The small rise in retail trade over December reflects subdued consumer confidence and anecdotes from retailers of modest Christmas spending.

Across the categories, the highest increase in spending over December was in clothing, footwear & personal accessories (+2.7%) and in food retailing (+0.3%).  Retail trade was weak in department stores fell (‑0.9%) and household goods (‑0.4%).  Spending was flat in other retailing and in cafes, restaurants and takeaway food services.

The pick up in clothing and footwear sales could be a reflection of the drop in the currency redirecting prior offshore spending (people travelling overseas and buying online) back onshore.  Growth in imported consumer goods and tourism debits looks to be slowing.
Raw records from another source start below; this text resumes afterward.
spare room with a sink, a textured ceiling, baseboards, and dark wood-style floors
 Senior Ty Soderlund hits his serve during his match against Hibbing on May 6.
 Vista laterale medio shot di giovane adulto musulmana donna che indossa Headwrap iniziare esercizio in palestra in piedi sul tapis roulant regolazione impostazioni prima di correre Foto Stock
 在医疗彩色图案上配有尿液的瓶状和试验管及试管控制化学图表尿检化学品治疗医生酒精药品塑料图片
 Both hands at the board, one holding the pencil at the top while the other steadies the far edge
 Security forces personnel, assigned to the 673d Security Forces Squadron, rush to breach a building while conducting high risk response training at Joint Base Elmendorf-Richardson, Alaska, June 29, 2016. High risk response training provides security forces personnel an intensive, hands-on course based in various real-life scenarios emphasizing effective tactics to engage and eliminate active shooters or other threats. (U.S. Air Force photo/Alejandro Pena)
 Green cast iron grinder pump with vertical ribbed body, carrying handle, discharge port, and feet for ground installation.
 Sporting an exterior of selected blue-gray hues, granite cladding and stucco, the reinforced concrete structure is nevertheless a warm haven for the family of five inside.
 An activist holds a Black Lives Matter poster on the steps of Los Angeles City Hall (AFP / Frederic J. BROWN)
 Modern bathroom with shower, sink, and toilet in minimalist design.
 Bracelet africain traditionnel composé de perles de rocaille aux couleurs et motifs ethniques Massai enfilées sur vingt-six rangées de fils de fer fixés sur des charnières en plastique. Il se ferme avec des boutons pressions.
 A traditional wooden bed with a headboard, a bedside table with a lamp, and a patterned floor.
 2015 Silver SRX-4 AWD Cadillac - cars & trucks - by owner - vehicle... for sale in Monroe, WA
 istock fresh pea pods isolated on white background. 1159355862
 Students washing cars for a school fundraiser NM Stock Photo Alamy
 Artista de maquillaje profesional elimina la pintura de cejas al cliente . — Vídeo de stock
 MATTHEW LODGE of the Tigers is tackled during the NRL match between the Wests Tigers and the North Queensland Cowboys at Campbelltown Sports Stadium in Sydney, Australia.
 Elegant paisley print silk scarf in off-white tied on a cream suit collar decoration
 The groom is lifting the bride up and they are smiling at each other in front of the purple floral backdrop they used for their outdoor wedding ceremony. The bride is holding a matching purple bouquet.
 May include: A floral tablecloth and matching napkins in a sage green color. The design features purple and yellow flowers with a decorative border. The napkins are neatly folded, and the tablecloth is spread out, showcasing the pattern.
It was disappointing to see a drop in household goods spending.  In recent months, spending on items related to the residential construction upturn (such as hardware, building, garden supplies, furniture, floor coverings etc) was increasing at a solid rate.  We may see spending lift in this category looking ahead given the strong activity in the residential construction sector.

Following high growth rates over 2014, spending in cafes, restaurants & takeaway food services has fallen noticeably.  Annual growth is now near 5%, after running around 11% in mid‑2014.

In today’s data we also received the volume data.  Retail volumes rose by a high 1.5% in QIV, ahead of forecasts for a 1.1% rise.  The reason for the strong volume growth is because of weakness in retail prices.  Retail prices were flat over QIV which demonstrates the discounting and income pressures faced by the retail sector.  This is reflected in weak business confidence.  The “retail” component of the CPI was indicating a stronger outcome for price growth – around 0.6% over QIV.  Retail volumes look like they will add around 0.3ppts to QIV GDP growth.  We expect QIV GDP to be around 0.8% over the quarter and 2.6%pa.

Household disposable incomes are receiving a sizeable lift to disposable income from a lower petrol price.  On average, the drop in petrol prices should boost household disposable income by $60/month.  The RBA interest rate cut this month may also provide a boost.  But, there is the chance that consumers maintain their current repayment rates on mortgage debt, as we saw in the prior rate cutting cycle, which means the benefit to retail spending may end up being lower than expected.